Terrorism is a real threat, not just in the Western world but all across the world. But God is not absent. How will He use this for His glory? What opportunities will we have as a result of this evil to make Christ known? People are getting a good, close up look at evil, and we know a God who is holy, we know the solution to evil. God is at work, God is making Himself known.
God did this with Paul, an evil man, a hopeless man, the foremost of sinners. God broke through at the right time, met Paul, saved Paul, transformed Paul, put on display His mercy, His perfect patience. No one is out of God’s reach. Don’t look at your neighbor as out of God’s reach or your spouse or your child or the terrorists or those in false religions. God’s grace is sufficient for them too.
Look at verse 17. Look at what Paul does in his writing here. He does this often as he talks of God’s grace through Christ, he just breaks out in praise. He begins to recall the person of God, His attributes, His beauty. It is like he can’t hold back, he is overwhelmed by Christ.
To the King of the ages, immortal, invisible, the only God, be honor and glory forever and ever. Amen. (1 Timothy 1:17)
Listen to other examples from Paul, how Paul breaks out in praise, praising God for who He is, His character…
because they exchanged the truth about God for a lie and worshiped and served the creature rather than the Creator, who is blessed forever! Amen. (Romans 1:25)
To them belong the patriarchs, and from their race, according to the flesh, is the Christ, who is God over all, blessed forever. Amen. (Romans 9:5)
For from him and through him and to him are all things. To him be glory forever. Amen. (Romans 11:36)
4 who gave himself for our sins to deliver us from the present evil age, according to the will of our God and Father, 5 to whom be the glory forever and ever. Amen. (Galatians 1:4-5)

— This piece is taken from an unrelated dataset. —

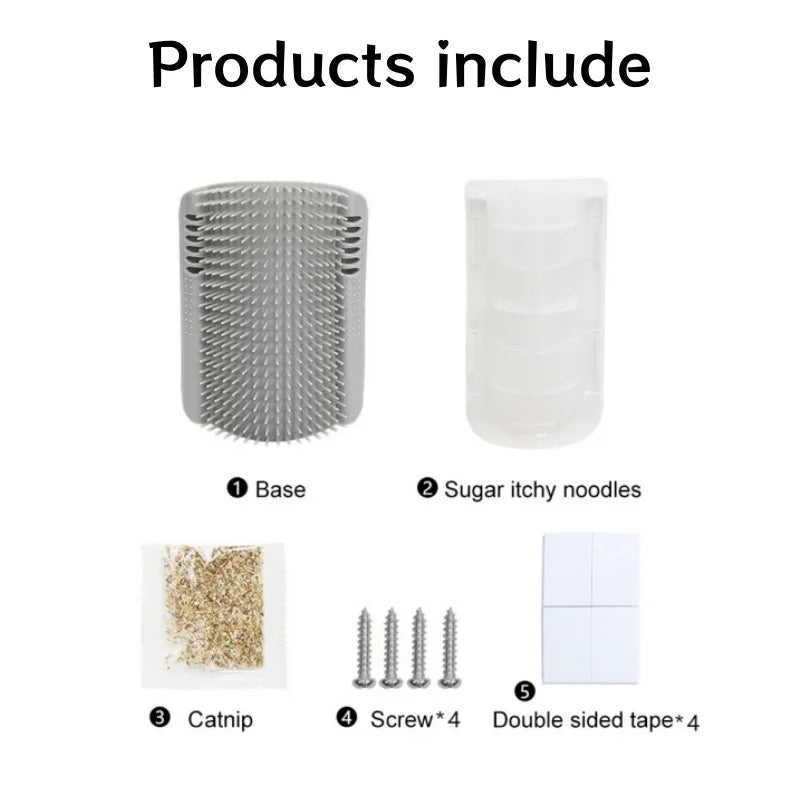 Cat self-groomer kit including a grey brush, wall mount, catnip, four screws, and four adhesive pads.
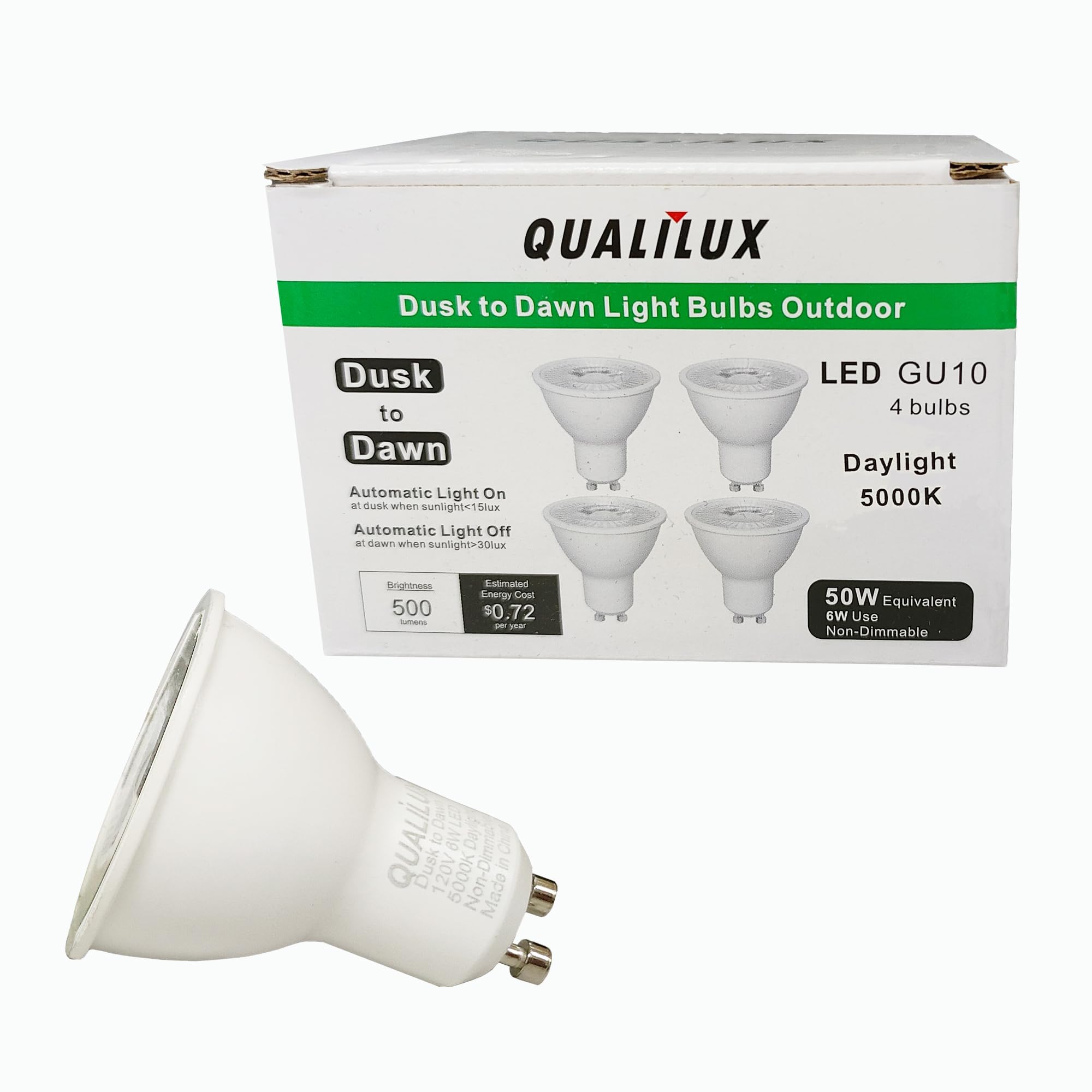 Qualilux Mr16 Gu10 Dusk To Dawn Light Bulbs, Daylight 5000K, 50W Equivalent, 500Lm, Auto On/Off Light Sensor Bulb, Non-Dimmable,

to him be glory in the church and in Christ Jesus throughout all generations, forever and ever. Amen. (Ephesians 3:21)
To our God and Father be glory forever and ever. Amen. (Philippians 4:20)
Each of these are doxologies from Paul that recall God’s majesty and His glory. They are right responses to truth.
In verses 17 he begins with “the King of the ages.” Paul is saying that God is the everlasting, eternal King. God is ruling in every time period in all ages. His will is being accomplished. Yes, it is at times mysterious to us. We don’t see things from His vantage point, we don’t have all the details. And this is why we live by faith, by faith in God. He has ruled in the past, He is ruling today, and He will rule for all eternity. This would have been so important for Paul to embrace. Paul had an ugly past, he had a difficult present as he wrote this letter, and he would, in his future, face a martyr’s death. He needed to know, to remind himself that things were not out of control, that the King was still on his throne! We need to embrace and remember this as well.
Immortal, God is immortal. This means He cannot, He will not ever perish. God is not subject to destruction. He will not go away, there is no power that can defeat Him or take away His power. When a king was overthrown in days past, the new leader would show his power and protect his own kingdom by killing all the family members of the then-dead king. To be in a king’s family then carried some risks. Even to pledge allegiance to a king could mean death if that king was overthrown. The new, more powerful king would exert his power against the old regime’s family and loyalists. But with our King it can’t be so. Our King, the God of heaven, is immortal, He will never perish, He will never go away, He will always rule.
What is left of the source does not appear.